Re: The Problem with Atheism

Reply #250
Atheist is not the same as non-believer.

I agree, albeit whether nonbeliever means atheist depends a bit on who uses it. I'd say the term you're really looking for is nonreligious.

The more globalized poll asked whether people were "religious," "not religious" or "convinced atheist." I find the wording odd, but that aside. The Estionian census actually seems to mention that back in 2000, 34.1 % were nonreligious and 6.1% were atheist. However, the 2011 update seems to have conflated nonreligious and atheist in order to reduce clarity.

Edit: also, it shouldn't ask whether one is atheist, but whether one believes in the existence of any deities. If the question is put forward incorrectly, then lumping nonreligious and atheist together is actually the best way to proceed.

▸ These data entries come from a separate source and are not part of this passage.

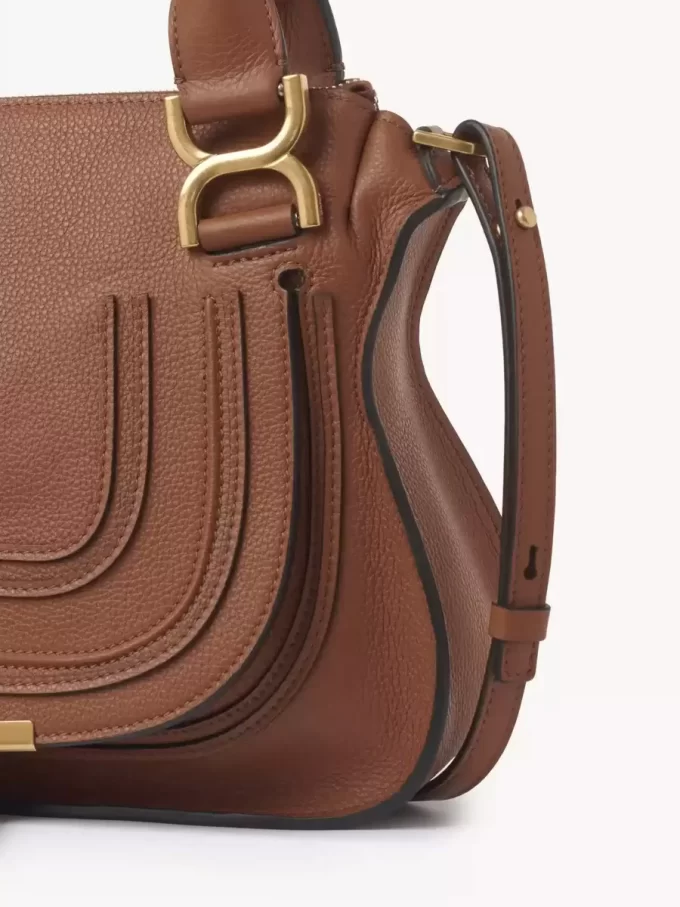 Kleine Marcie-Tasche aus genarbtem Leder Kleine Marcie-Tasche aus genarbtem Leder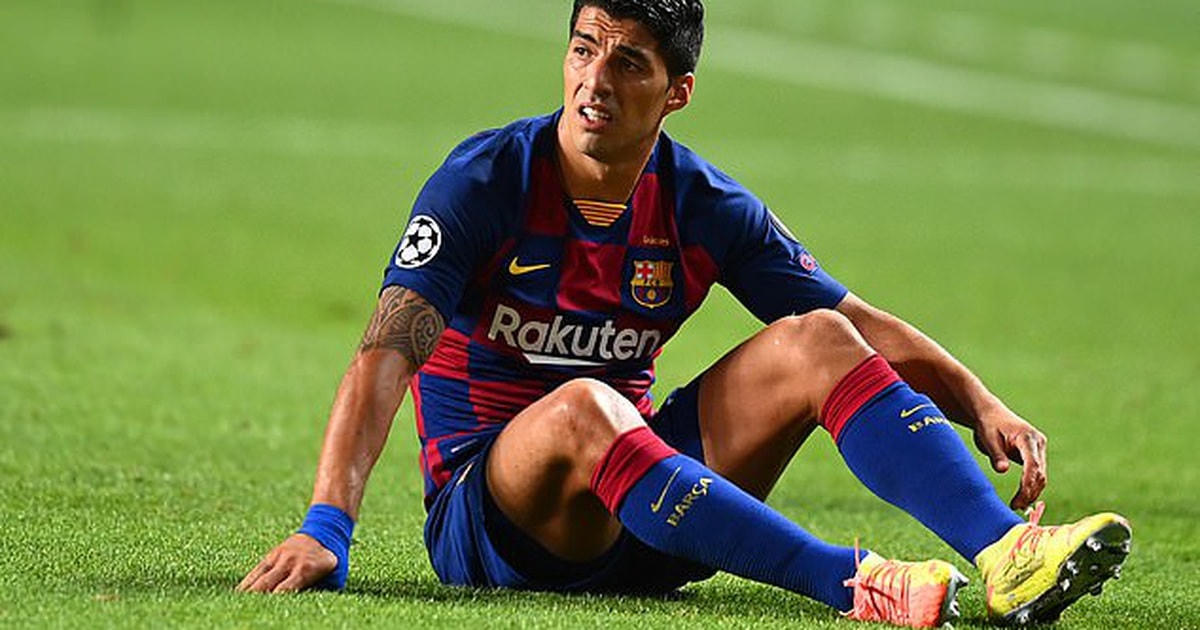 Suarez tức giận vì bị Barcelona ngăn cấm sang Atletico.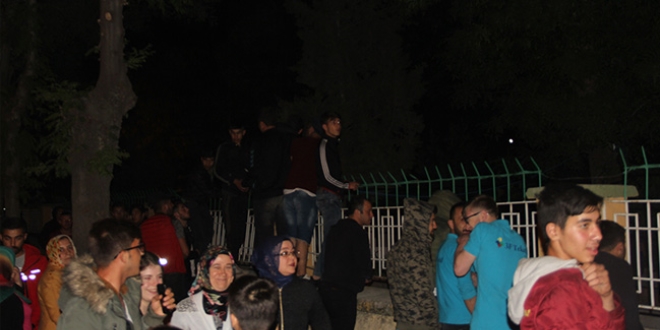 'Ruh sağlığı bozuk kızımızı linç etmek istediler'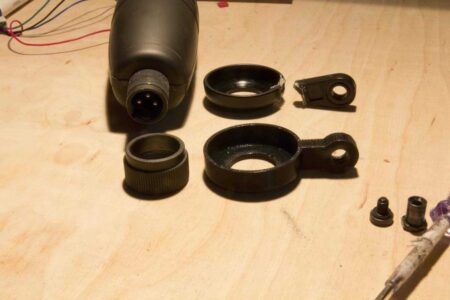 Sc300 İçin Mikrofon Klipsi Plastik Aparat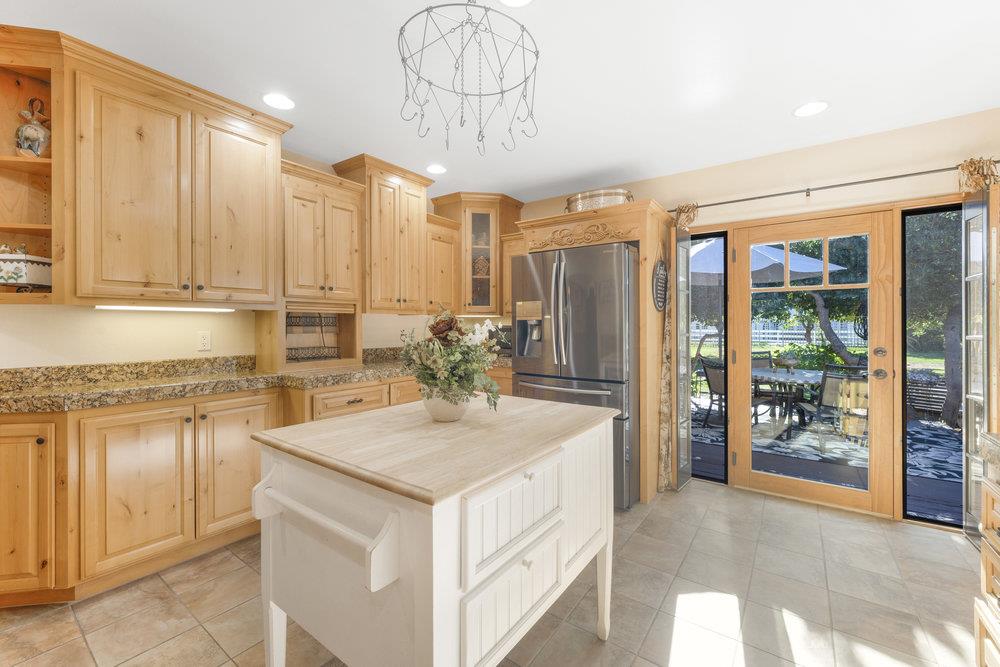 Detail Gallery Image 7 of 47 For 17235 Hill Rd, Morgan Hill,  CA 95037 - 3 Beds | 2 Baths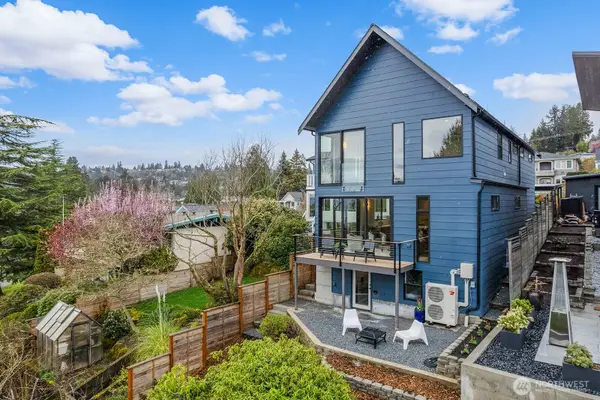 9318 47th Avenue Sw, Seattle, WA 98136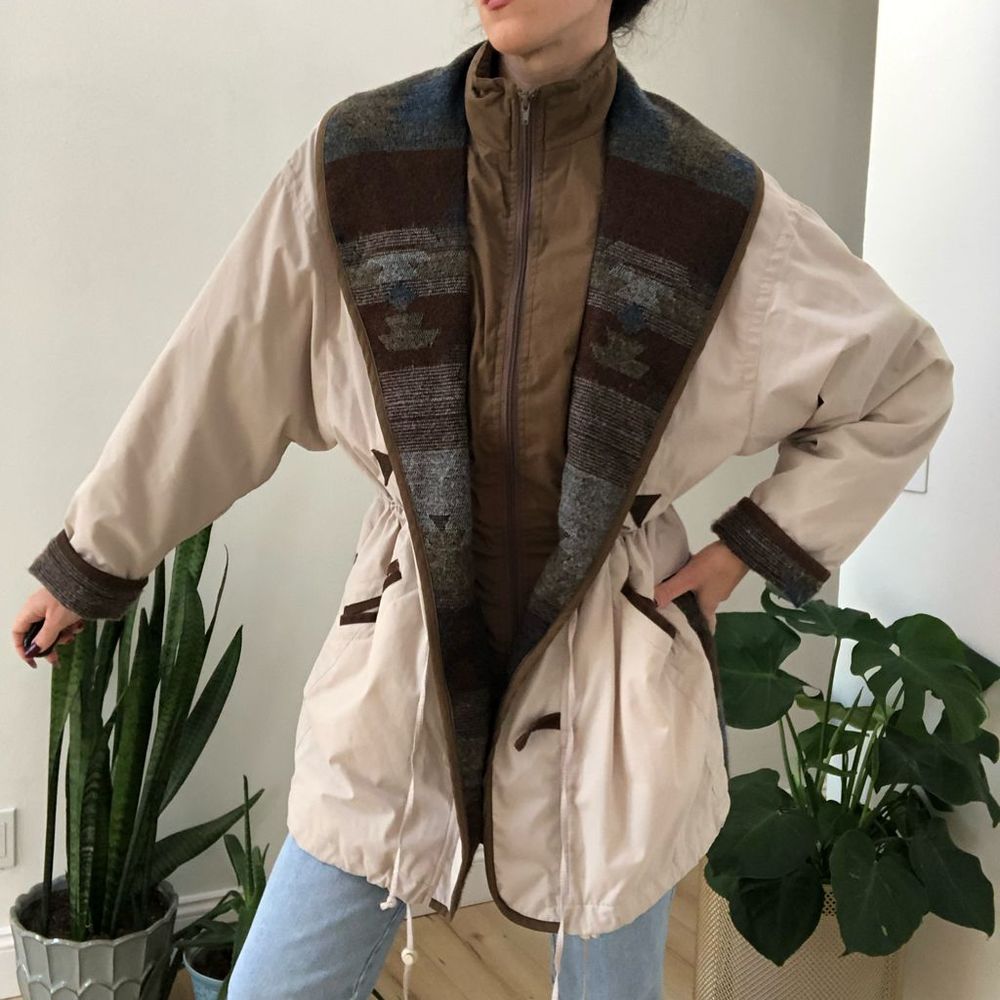 Vintage 80s western pattern batwing sleeve khaki winter coat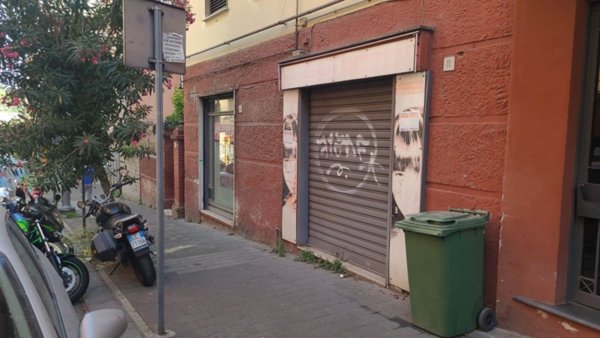 negozio in affitto a Salerno in zona Centro Città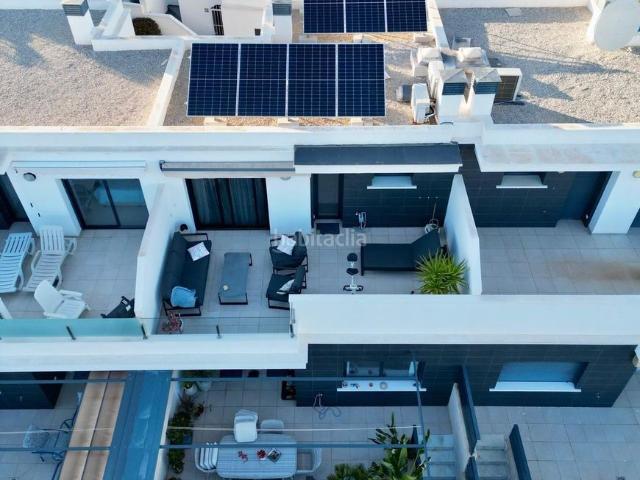 Casa adosada en venta en Orihuela, Lomas de Cabo Roig Los Dolses. Fantaacutestico duacuteplex 123 m2 en excelente estado, se vende completamente amueblado y listo para entrar a vivir, en urbanizac.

Re: The Problem with Atheism

Reply #252
I didn't write those words. I think it's a horrible question. You should simply ask some questions about what people believe and do, including some opposites to make sure they're actually paying attention. You don't ask people to reflect on things.* That's your job as a questionnaire maker.

Here's an example of how big a difference the question makes. That's why you should ask whether or not one believes in any deities, not whether someone's an atheist. Regardless if the response is higher or lower, it'll be more accurate.

* Okay, that depends on the type of questionnaire.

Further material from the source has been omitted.